Tools#
Jupyter Notebooks#
Jupyter Notebooks are a popular tool in the data science community. This is because they offer the ability to mix code and explanatory text. In fact, this entire course book is written as a series of Jupyter Notebooks and Markdown text files. As with any tool, the Jupyter Notebook has some drawbacks; in fact, it is a popular subject for blogs:
Personally, I (Andrew McCluskey) like Notebooks as a place for preparing code and text to be descriptive of the work completed. For example, sharing some analysis with a colleague who is less comfortable with programming or prototyping a solution to a problem before building this into a large piece of code, such as a Python package.
Bristol Only
In the SCIFM0002 unit, you are expected to be comfortable working with Jupyter Notebooks.
How you work with them is up to you: for example, you may want to install the Jupyter application or run your .ipynb
files through VSCode.
Python Environments and Package Management#
The Python ecosystem we will be using is vibrant; having so many packages with such a vast range of functionality can be extremely powerful. However, it comes with drawbacks, specifically around the compatibility of different packages. Therefore, the concept of Python environments has become popular. A Python environment is a sandbox containing a specific set of packages, aiming to ensure package compatibility and reproducibility of experience.
There are a few different ways that we can work with Python environments.
Python’s built-in approach uses a tool called venv
.
However, this is limited to using packages distributed through the Python Package Index (PyPI),i.e., with pip
.
A popular alternative is conda
(or mamba
).
conda
and mamba
have the added functionality to be able to install conda packages – conda packages are more flexible than PyPI packages (it is easier to build a conda package with non-Python code included).
Conda Cheatsheet
It can, at times, be hard to remember all the different conda
commands.
Access to a cheatsheet can eb valuable in times like these.

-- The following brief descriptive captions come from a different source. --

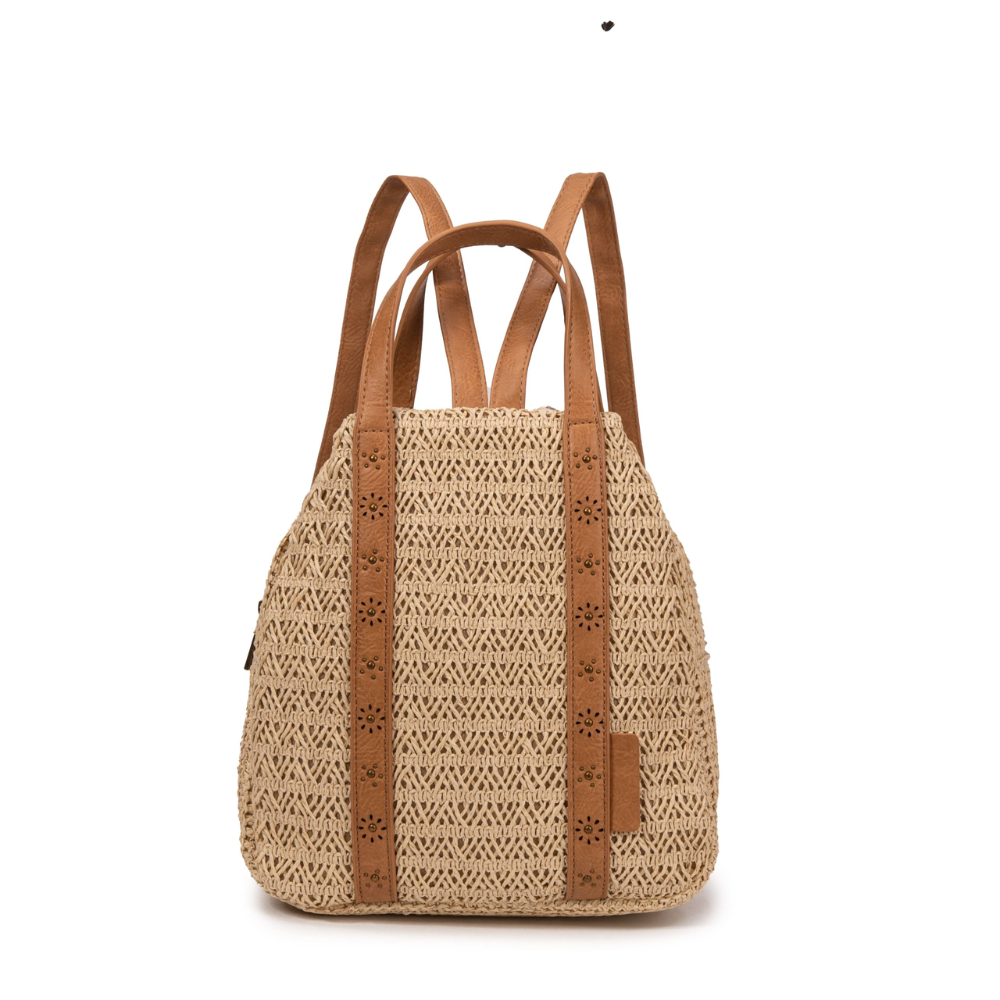 Bolso Mochila de Rafia Natural Magnoa – Antirrobo y Doble Función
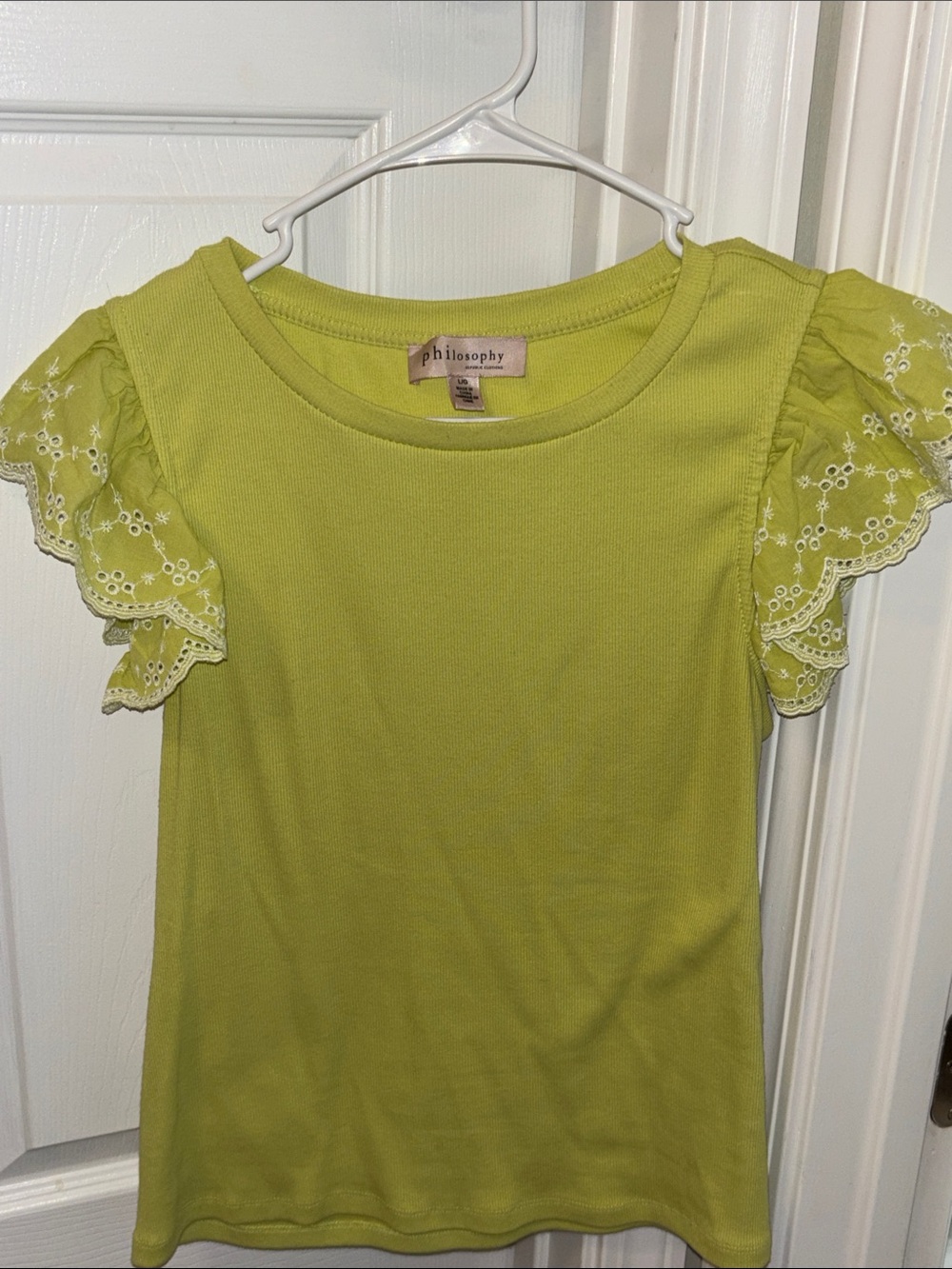 Philosophy Lime Green Eyelet Flutter Sleeve Tee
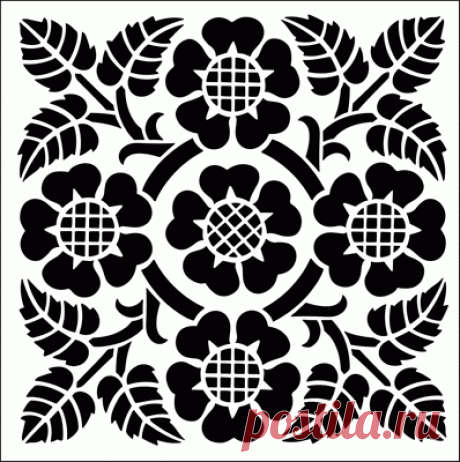 Tile No 15 stencil | Buy Stencil Library stencils online | Stencil design code DE102-L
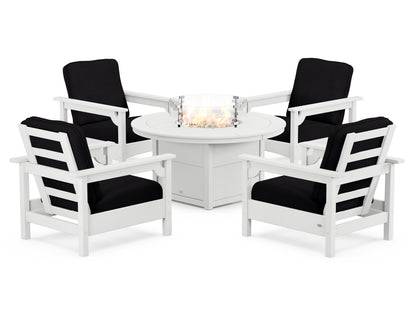 POLYWOOD® Club 5-Piece Conversation Set with Fire Pit Table in White / Midnight Linen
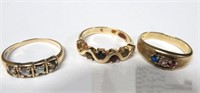 3 10k gold rings w. semi precious stones, 8 gms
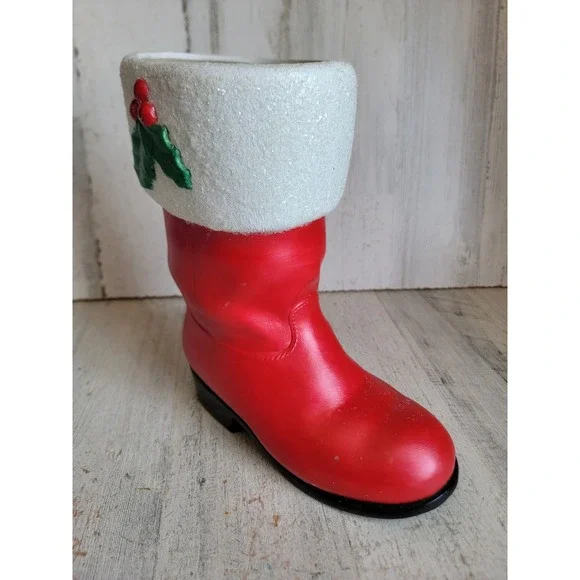 HD vintage ceramic Santa Claus mistletoe boot planter Xmas home shoe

To ensure that you have all of the necessary packages to work effectively with this course book, we provide the following environment file: special-topics.yml. To install this environment, you should install conda or mamba, and then create the environment by downloading the environment file and running the following command in the bash terminal:
conda env create -f special-topics.yml
To activate this conda environment, the following command can be used:
conda activate special-topics
You should be able to access all the necessary packages to work through this course book from this environment. To remove the environment, use the following command:
conda env remove -n special-topics
Bristol Only
Similar to the Jupyter Notebooks, it is expected that you will be able to run within a conda environment. If you are running on Windows, installing this within the Windows Subsystem for Linux (WSL) partition is best. You should work out how to run Jupyter Notebooks from the WSL partition to ensure you are accessing the relevant conda environment. If you have any trouble, speak to the unit director or one of the PhD student demonstrators.